A Solr administrator can make a single-character configuration error that issues no warning but causes delayed failures as the project matures. These issues are not easily diagnosed from their symptoms. One of these sensitive areas has to do with misconfigured Solr “replicas.” This post will examine the most common reasons behind replica issues and how to fix them.
A Solr “replica” is a complete copy of one index. It is a very simple thing. Every Solr collection has at least one replica. (See What is a collection/core/shard/replica? for more information on Solr index concepts.)
Most SearchStax clients develop and test their projects on single-server deployments for reasons of economy. The server has one copy of the index (one replica). Production systems, however, usually have 2-3 servers, and can scale up to many servers. Each server has its own replica of the index.
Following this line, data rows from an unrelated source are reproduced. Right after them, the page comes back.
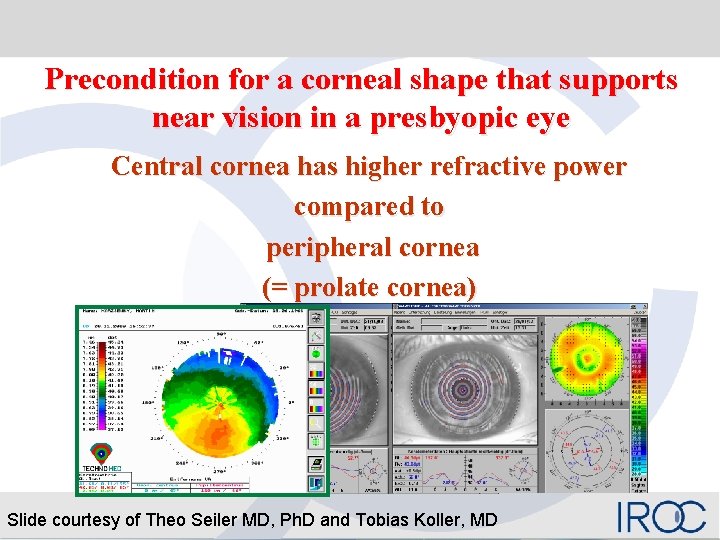 Precondition for a corneal shape that supports near vision in a presbyopic eye Central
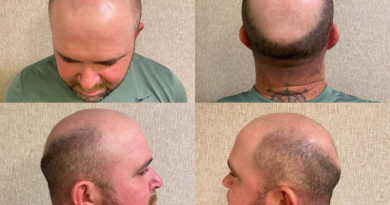 Transplante capilar com 30 mil fios bate recorde em procedimento realizado por Gustavo Amarante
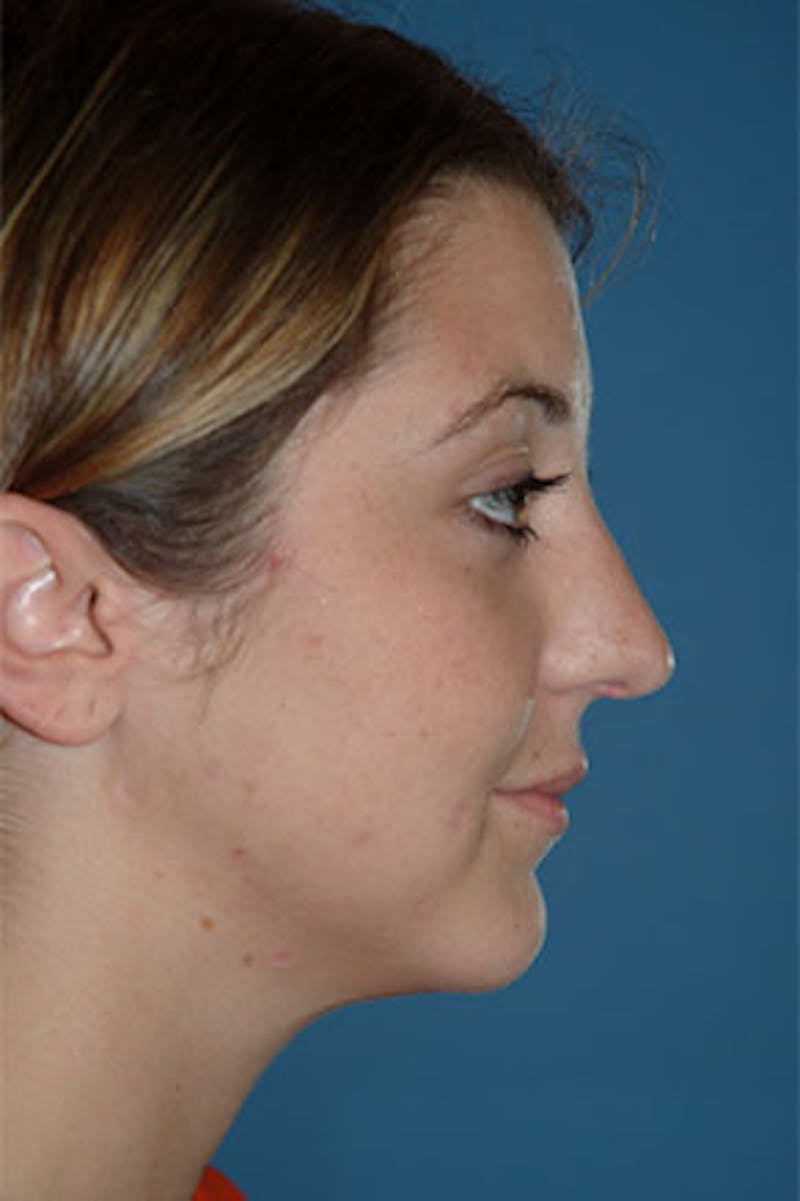 Rhinoplasty Before & After Gallery - Patient 325732 - Image 1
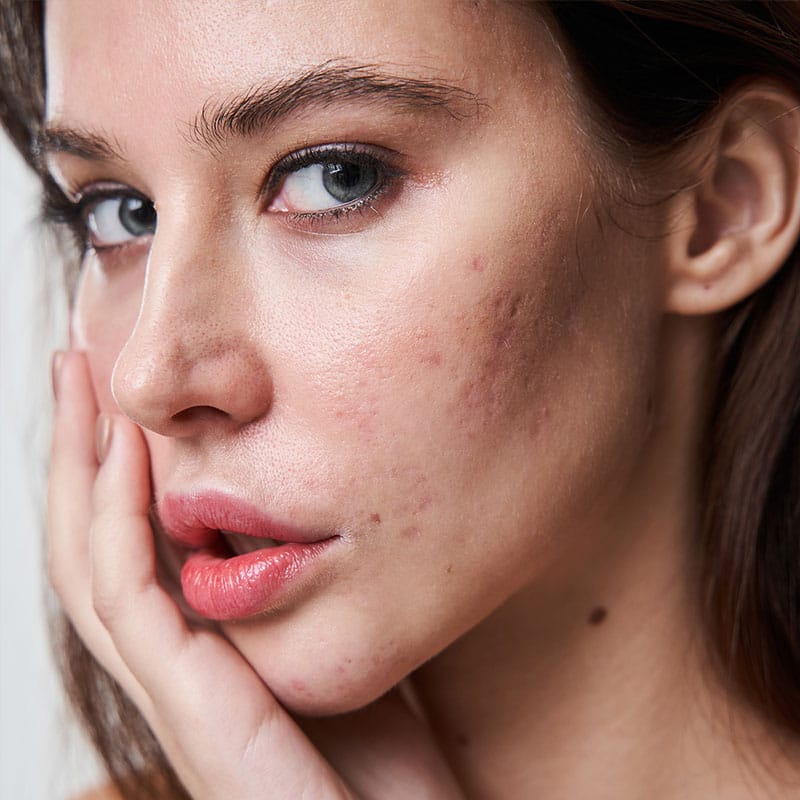 Picosecond Laser Machine – Acne Scars Picosecond Laser Machine - Acne Scars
In normal operation, replicas support the following behaviors:
- Zookeeper monitors the replicas, keeping index files in sync across the cluster.
- A load balancer distributes incoming queries. The servers can all respond to queries because they all have a copy of the index. Parallelism reduces query latency.
- When a server goes off-line (due to a failure or to a “rolling restart,”) the remaining servers handle the query load with no interruption.
Unfortunately, it is easy to create a Solr collection where there are fewer replicas than servers. For instance, people sometimes use the wrong replicationFactor setting when creating a collection. We have often seen three-node systems that had only one replica.
This situation creates the following issues:
- During a period of high query load, query latency may suffer because only one node is doing all the work.
- During a “rolling restart,” the system may “fail over” to a server that doesn’t have a copy of the index. This causes service interruption.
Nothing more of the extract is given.